Gestort in ven op de Vogelenzang
Na het terugtrekken van de troepen van de Kampfgruppe Walther in de nacht van 23 op 24 september 1944 werden er vooral op Het Ham, maar ook elders op Erps grondgebied als de bossen van het Hurkske velerlei soorten wapens en munitie aangetroffen; achtergelaten in schuttersputten en andere verdedigingswerken dan wel achteloos weggeworpen. Mogelijk kon dat een gevaar voor de bevolking en dan in het bijzonder kinderen opleveren. Daarom besloot Harrie Otten, wellicht als commandant van de inmiddels in werking getreden Ordedienst (O.D.), om deze te verzamelen, te bergen. Tezamen met Piet Delisse heeft hij in de eerste weken van de bevrijding met paard en kar veel gevonden oorlogstuig bijeen gebracht; het werd dan gestort in een ven op de Vogelenzang, nabij de boerderij van Frans Koenen, thans Vogelenzang 6. Achteraf niet zo’n voorbeeldige oplossing, reden waarom de Mijnopruimingsdienst van het Nederlandse leger in 1945 met behulp van de twee heeft getracht het gestorte materiaal op te sporen en te bergen, echter toen zonder resultaat.
In de jaren vijftig heeft de Explosieven Opruimings Dienst nog ruimingswerkzaamheden uitgevoerd, waarbij munitie werd gevonden en afgevoerd.

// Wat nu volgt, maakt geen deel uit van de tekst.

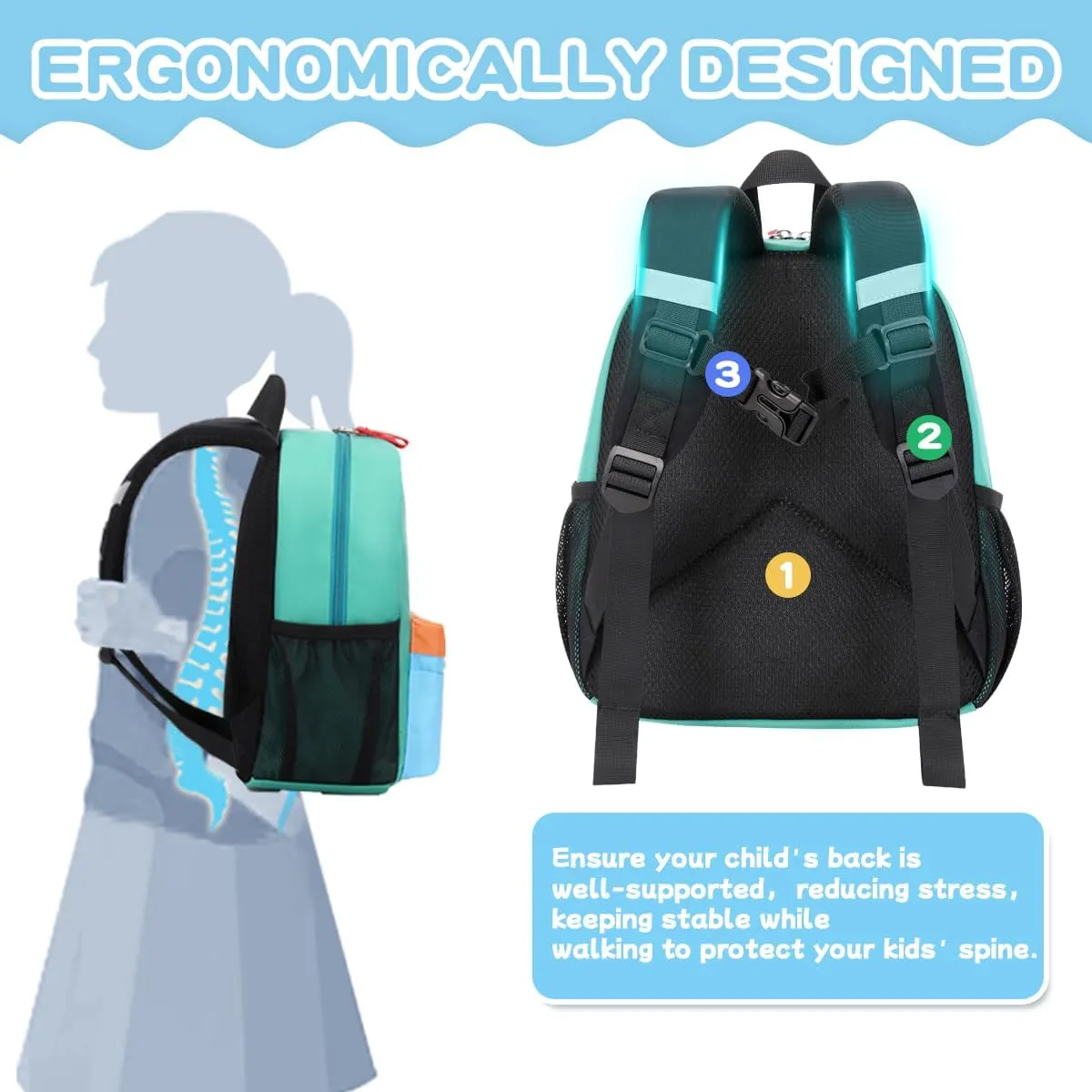 Toddler Backpack for Boys Girls, 12'' Mini Preschool Backpack for Kids Age 2-4 Years Old Small Toddler Bookbag for Kindergarten with Chest Buckle and Reflective Strip,Lake Green and Blue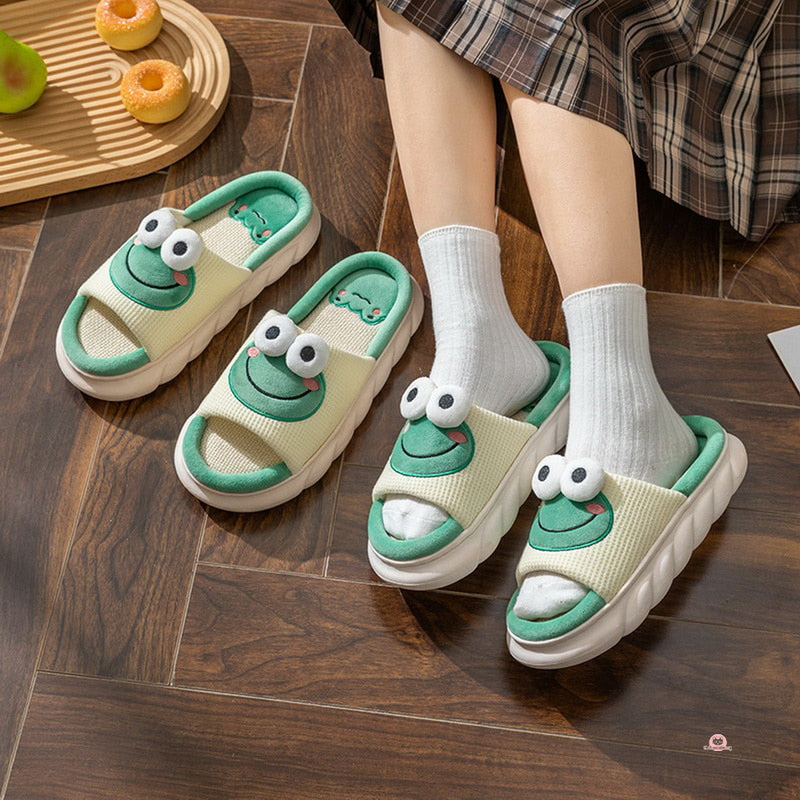 Comfy & Cute Platform Linen Slippers - Anti-slip Indoor & Beach Sandals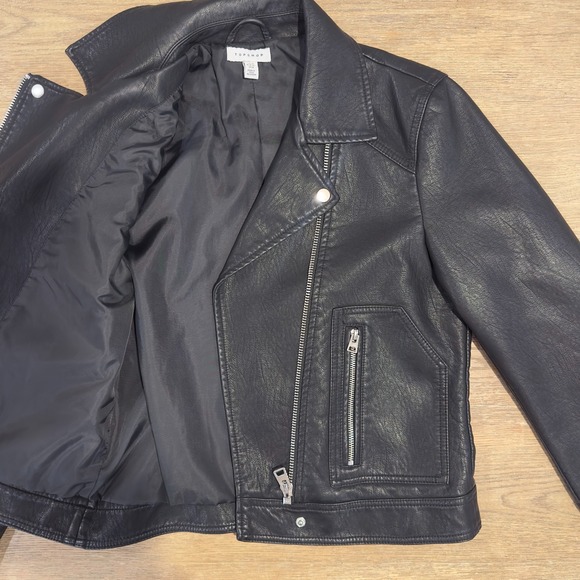 Topshop Faux Leather Black Moto Jacket Womens Size US 8-Zipped Sleeve-Super Cute - Picture 14 of 16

Ruiming in de Hurkske-bossen
Ook in deze bossen waren munitie en andere springstoffen achtergelaten. Maar vooral de niet geëxplodeerde bommen van de Typhoonbeschietingen van vrijdagavond 22 september vormden een bedreiging. Een twintigtal van de afgeworpen bommen was niet ontploft, waarschijnlijk omdat ze terecht waren gekomen op te zachte grond, de dikke moslaag van het bos. Britse militairen, maar ook enkele gemeentearbeiders pakten ze gewoon op, droegen ze (onder de arm) naar een dreef, waar ze dan werden neergelegd, opgestapeld. Na deze eerste schoningsactie kwam het nog incidenteel voor, dat er nog een dergelijke bom werd gevonden. Een hoeveelheid is op zeker moment afgevoerd – instantie en bestemming niet bekend. Het niet afgevoerde gedeelte is nadien, tezamen met allerlei andere springstoffen, door een ploeg Britse soldaten vernietigd. De “opblaasplek” lag aan het einde van de eerste dreef, de kruising met de zandweg aan het einde van de bossen vanaf de Gemertsedijk, komende van Erp rechts naar het Rouwven – de zandweg welke doorloopt van de straatweg tot aan de boerderij van toen Hanneske v.,d. Crommenacker. Meerdere weken zijn ze daar bezig geweest met het onschadelijk maken van munitie ed.; niet alleen gevonden in de omgeving, maar ook aangevoerd vanuit andere plaatsen. De te vernietigen springstoffen werden dan in porties verdeeld, in een diepe kuil geplaatst en tot ontploffing gebracht.
Publiek werd op die momenten op afstand gezet en gehouden. Tijdens de voorbereidingen als sorteren en plaatsen liet men nieuwsgierigen gewoon meekijken. Het is wel haast zeker dat ter plaatse nog metaalrestanten in de grond zitten.